At some moments, Elie begins to regard his father as a burden. In order to illustrate his experiences, one should look at the following quote, “If only I didn’t find him! If only I were relieved of this responsibility, I could use all my strength to fight for my own survival, to take care only of myself” (Wiesel 106). Yet, this thought immediately scares the main character and he becomes ashamed of himself. Even the very idea of leaving Shlomo is abhorrent to him.

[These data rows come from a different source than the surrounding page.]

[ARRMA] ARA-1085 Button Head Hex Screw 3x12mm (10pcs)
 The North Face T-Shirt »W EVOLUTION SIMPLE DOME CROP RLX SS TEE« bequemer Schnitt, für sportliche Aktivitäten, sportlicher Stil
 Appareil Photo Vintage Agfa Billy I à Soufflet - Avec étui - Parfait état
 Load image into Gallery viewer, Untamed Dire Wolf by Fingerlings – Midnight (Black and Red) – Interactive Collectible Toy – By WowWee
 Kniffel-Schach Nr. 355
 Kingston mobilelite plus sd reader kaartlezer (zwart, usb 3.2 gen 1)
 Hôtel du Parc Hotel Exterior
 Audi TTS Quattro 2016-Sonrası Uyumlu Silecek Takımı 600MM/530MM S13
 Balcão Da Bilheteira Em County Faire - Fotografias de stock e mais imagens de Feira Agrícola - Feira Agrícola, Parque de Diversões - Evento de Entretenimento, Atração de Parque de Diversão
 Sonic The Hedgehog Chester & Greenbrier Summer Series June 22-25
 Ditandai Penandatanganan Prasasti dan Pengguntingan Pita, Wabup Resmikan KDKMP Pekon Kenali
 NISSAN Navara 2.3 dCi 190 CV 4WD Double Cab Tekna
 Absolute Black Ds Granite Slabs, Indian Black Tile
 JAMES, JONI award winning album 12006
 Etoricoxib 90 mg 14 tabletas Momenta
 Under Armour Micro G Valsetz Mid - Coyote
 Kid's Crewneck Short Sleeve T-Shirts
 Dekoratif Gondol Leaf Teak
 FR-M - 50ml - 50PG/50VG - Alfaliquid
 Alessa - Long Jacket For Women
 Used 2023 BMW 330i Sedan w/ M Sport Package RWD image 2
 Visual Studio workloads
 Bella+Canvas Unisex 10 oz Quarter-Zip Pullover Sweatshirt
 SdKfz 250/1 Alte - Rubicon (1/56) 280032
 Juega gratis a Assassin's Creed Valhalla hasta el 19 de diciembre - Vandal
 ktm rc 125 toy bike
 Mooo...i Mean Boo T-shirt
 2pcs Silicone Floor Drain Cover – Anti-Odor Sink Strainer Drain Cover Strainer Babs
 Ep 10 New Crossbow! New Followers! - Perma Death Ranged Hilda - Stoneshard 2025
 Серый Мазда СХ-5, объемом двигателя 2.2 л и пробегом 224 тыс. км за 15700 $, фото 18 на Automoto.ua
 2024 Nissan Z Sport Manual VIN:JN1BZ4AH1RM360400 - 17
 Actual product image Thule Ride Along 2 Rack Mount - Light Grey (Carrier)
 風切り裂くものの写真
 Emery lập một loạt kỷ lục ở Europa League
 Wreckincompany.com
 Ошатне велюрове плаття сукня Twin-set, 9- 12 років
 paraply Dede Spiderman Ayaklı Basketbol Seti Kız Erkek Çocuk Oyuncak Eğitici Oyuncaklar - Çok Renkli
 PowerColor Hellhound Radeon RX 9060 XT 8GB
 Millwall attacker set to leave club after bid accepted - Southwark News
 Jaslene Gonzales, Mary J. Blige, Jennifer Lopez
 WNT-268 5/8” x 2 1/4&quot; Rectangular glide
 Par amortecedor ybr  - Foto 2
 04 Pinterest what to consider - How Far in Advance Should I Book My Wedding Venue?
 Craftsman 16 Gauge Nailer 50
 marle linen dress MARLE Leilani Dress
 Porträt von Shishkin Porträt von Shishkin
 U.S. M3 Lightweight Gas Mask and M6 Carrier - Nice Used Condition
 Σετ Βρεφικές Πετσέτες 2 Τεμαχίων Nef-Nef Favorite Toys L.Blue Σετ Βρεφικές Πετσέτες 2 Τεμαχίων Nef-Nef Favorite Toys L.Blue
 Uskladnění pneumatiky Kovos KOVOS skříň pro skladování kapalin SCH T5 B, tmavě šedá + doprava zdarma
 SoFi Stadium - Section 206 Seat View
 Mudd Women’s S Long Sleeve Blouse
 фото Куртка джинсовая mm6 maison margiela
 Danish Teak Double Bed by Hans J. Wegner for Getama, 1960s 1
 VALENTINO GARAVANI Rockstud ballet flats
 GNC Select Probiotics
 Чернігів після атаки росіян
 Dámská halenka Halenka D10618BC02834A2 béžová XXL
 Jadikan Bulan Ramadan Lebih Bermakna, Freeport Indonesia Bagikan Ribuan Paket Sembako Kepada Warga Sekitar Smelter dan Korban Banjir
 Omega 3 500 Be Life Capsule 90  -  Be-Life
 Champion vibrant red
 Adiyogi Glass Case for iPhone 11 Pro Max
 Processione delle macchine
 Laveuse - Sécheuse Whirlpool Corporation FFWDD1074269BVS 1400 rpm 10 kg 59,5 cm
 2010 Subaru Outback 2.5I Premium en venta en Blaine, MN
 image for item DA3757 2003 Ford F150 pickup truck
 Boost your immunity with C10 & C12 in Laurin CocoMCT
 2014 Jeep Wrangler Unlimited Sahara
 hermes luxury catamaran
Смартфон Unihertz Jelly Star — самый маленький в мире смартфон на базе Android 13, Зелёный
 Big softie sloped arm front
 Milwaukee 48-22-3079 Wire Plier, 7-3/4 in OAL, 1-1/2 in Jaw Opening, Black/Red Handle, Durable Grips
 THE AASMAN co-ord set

The attachment to his father helps the protagonist retain his humanity. Elie sees that some people treated their parents in a very cruel way. For example, one of the prisoners simply beats his father (Wiesel 63). This behavior appalls Elie, and he tries to do his best to preserve his love or at least respect for Shlomo because he does not want to resemble other people who begin to display their worst qualities. It should be noted that the behavior described by the narrator was not unusual. Nazi officials attempted to reduce the prisoners of the concentration camps to the status of animals. Their only concern had to be the need for survival (Wachsmann 63). Under such circumstances, it was difficult for a person to retain his/her love or respect for other people (Niewyk 106). This issue is important for understanding the experiences of prisoners.
Nevertheless, despite these hardships, Elie manages to strengthen the bond that links his father and him. He understands that his father is probably the only reason why he retains his will to live. This is why he says, “I had no right to let myself die. What would he do without me?” (Wiesel 88). This quote is vital for understanding the transformation of Elie’s values. He can see that his love for his father is not a mere obligation imposed by the tradition. More likely, this is one of the things that can empower him. This idea is critical for describing the impacts of the Holocaust on many of the survivors.
On the whole, these examples indicate that the life in the concentration camps could dramatically transform the values and worldviews of an individual. The main character of this book understands that his father is probably the only reason why he is still willing to survive. Even though Elie witnesses many events which shatter some of his convictions, he can retain his loyalty to his father.
Niewyk, Donald. The Columbia Guide to the Holocaust, New York: Columbia University Press, 2000. Print.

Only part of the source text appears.